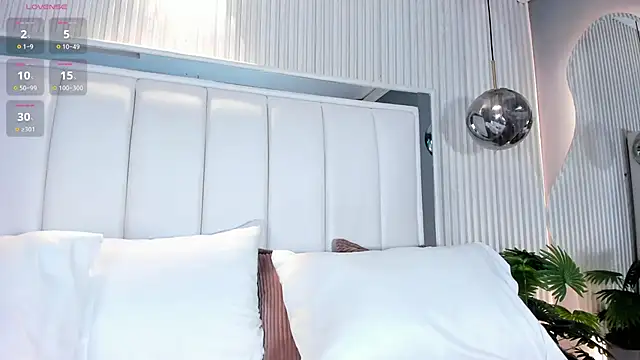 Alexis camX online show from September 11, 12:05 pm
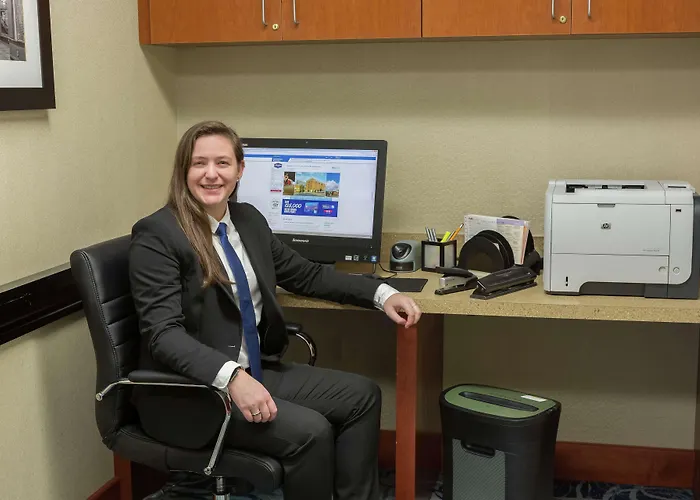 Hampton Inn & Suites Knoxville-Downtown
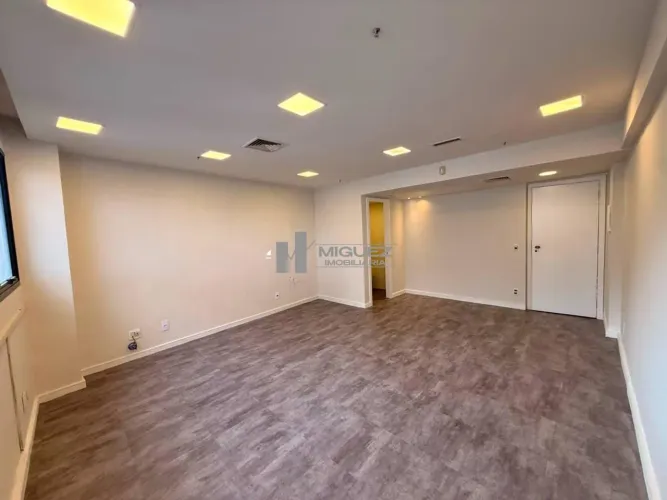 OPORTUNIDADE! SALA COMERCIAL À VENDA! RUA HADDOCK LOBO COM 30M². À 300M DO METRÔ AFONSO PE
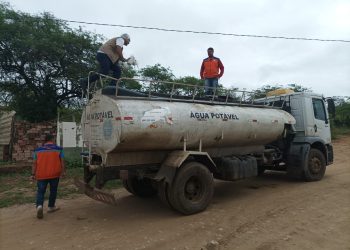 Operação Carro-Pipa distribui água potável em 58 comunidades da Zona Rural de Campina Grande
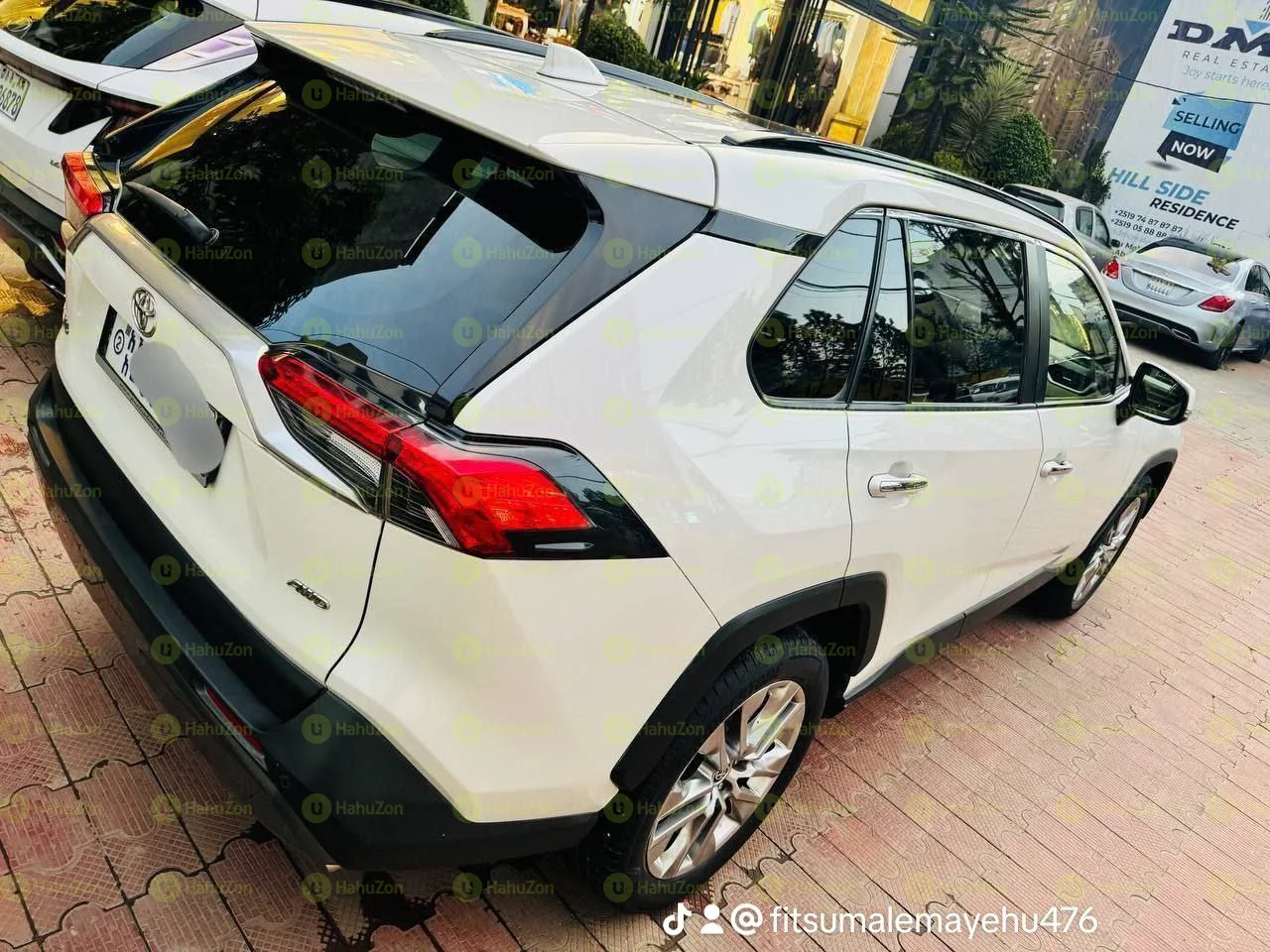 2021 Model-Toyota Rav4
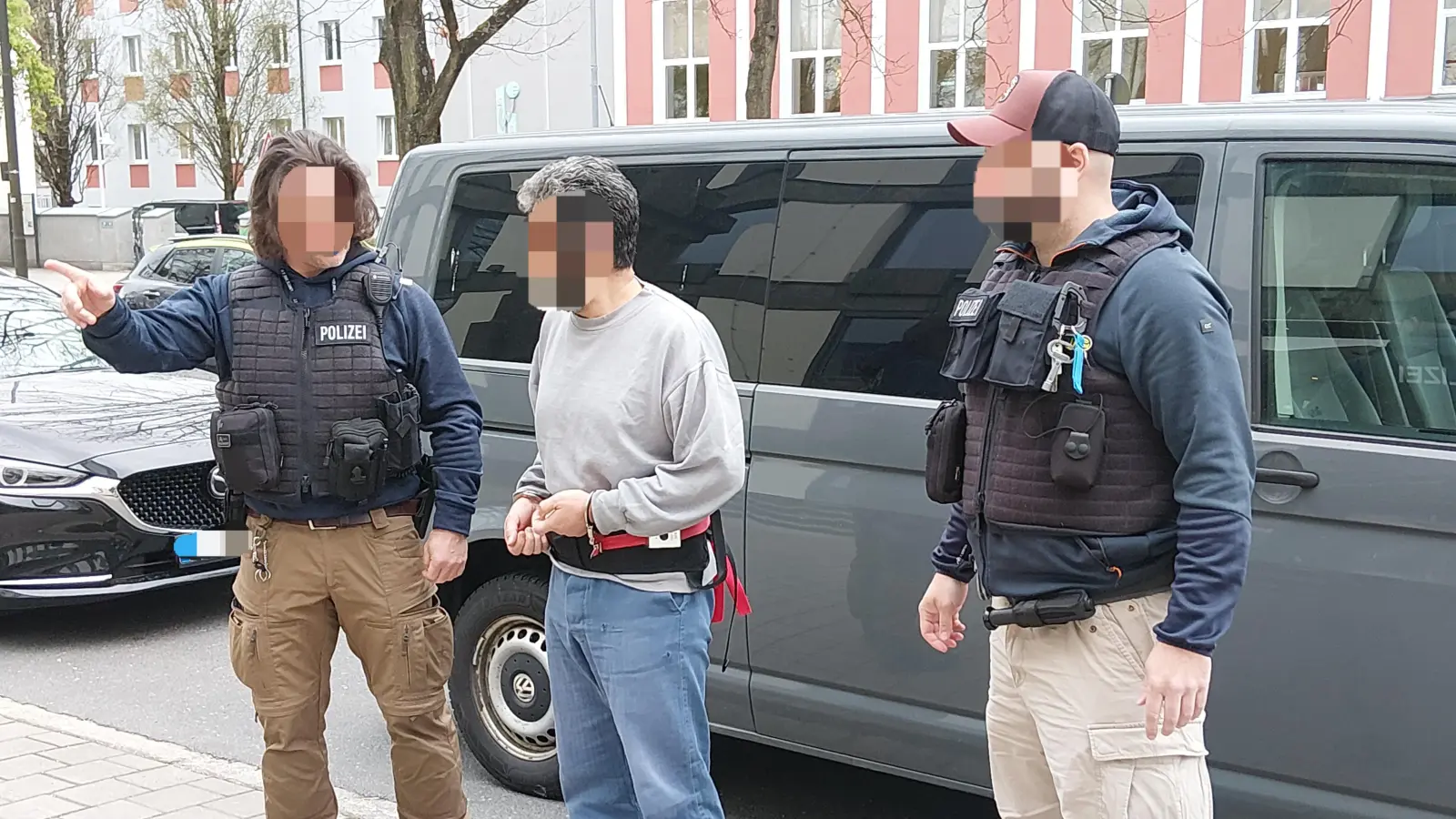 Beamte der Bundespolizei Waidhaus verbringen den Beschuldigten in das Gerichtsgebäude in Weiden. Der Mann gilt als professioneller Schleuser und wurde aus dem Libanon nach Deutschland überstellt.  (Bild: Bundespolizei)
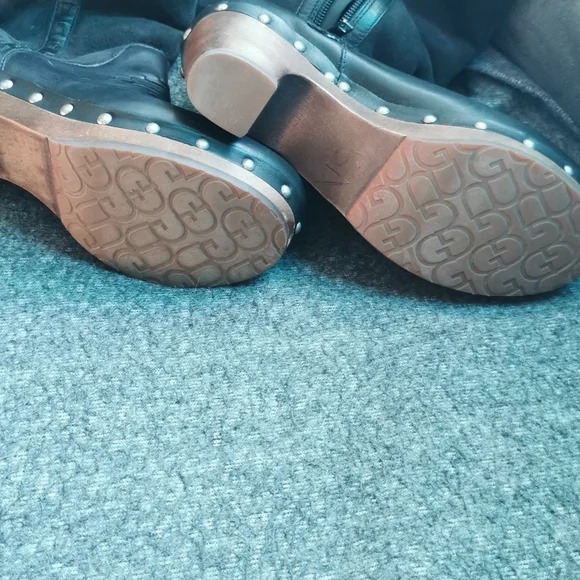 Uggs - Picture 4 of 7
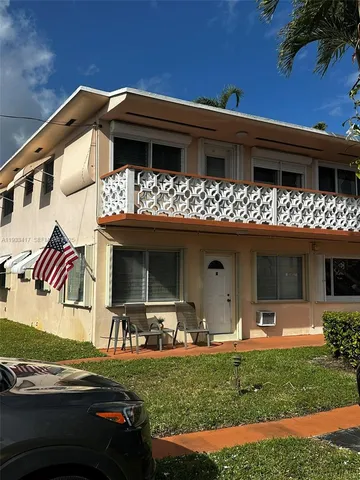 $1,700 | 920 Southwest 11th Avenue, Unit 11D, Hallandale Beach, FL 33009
◇ ◇ ◇
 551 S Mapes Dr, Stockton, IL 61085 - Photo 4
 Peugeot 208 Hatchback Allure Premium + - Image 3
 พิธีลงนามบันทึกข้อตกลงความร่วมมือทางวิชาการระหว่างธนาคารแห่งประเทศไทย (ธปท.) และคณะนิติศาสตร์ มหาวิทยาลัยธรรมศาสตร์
◇ ◇ ◇
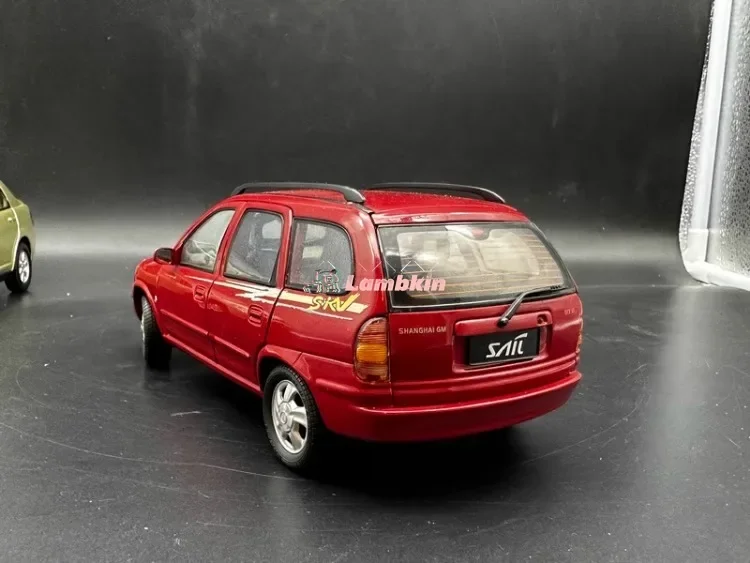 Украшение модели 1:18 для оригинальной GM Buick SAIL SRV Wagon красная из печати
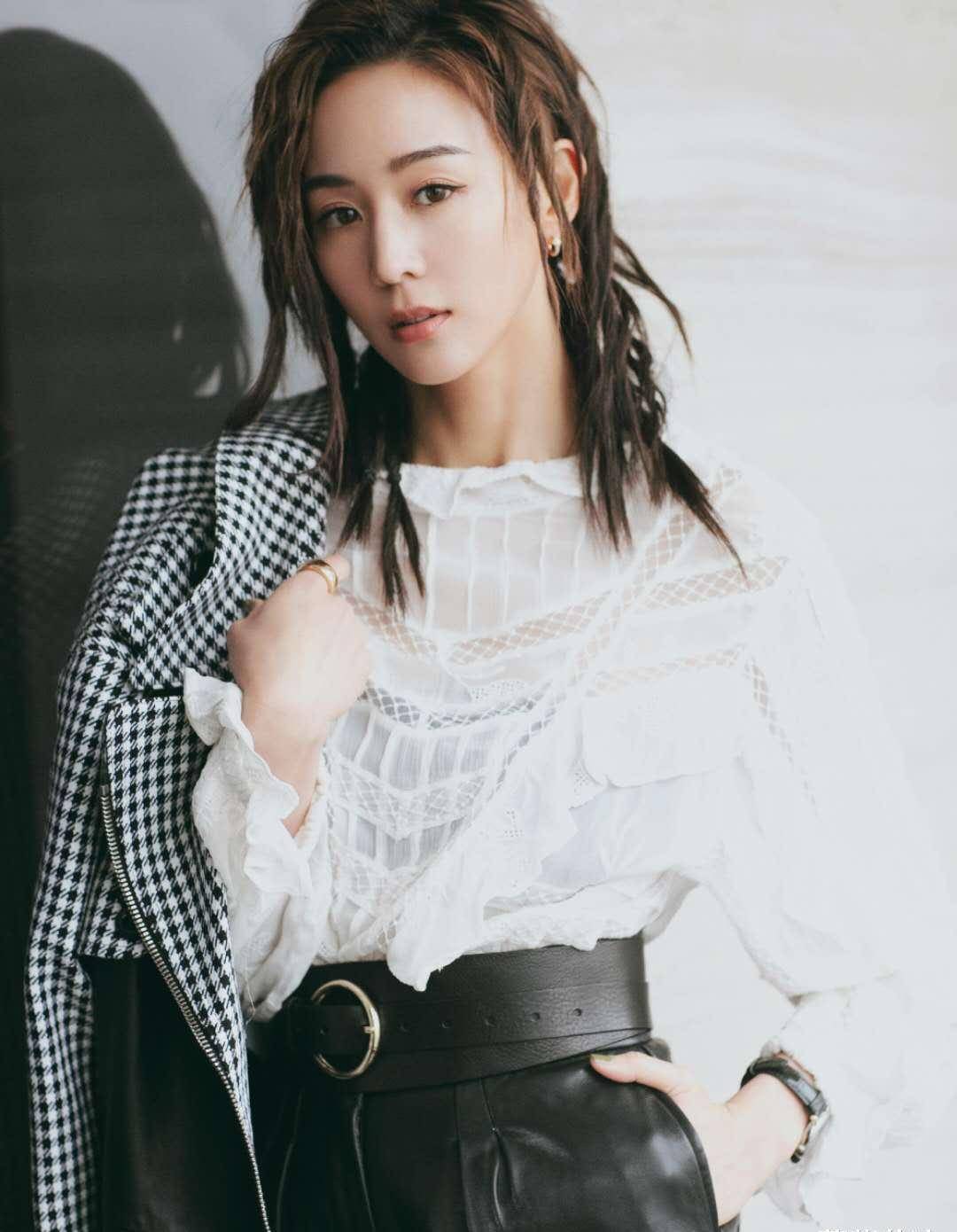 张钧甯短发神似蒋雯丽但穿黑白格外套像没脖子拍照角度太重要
◇ ◇ ◇
Problem - Working from the entries above, please transcribe only the lines from the line with "Hampton Inn & Suites Knoxville-Downtown" through the line with "2021 Model-Toyota Rav4", exactly, with both end lines and without pictures.

Solution to the exercise -
 Hampton Inn & Suites Knoxville-Downtown
 OPORTUNIDADE! SALA COMERCIAL À VENDA! RUA HADDOCK LOBO COM 30M². À 300M DO METRÔ AFONSO PE
 Operação Carro-Pipa distribui água potável em 58 comunidades da Zona Rural de Campina Grande
 2021 Model-Toyota Rav4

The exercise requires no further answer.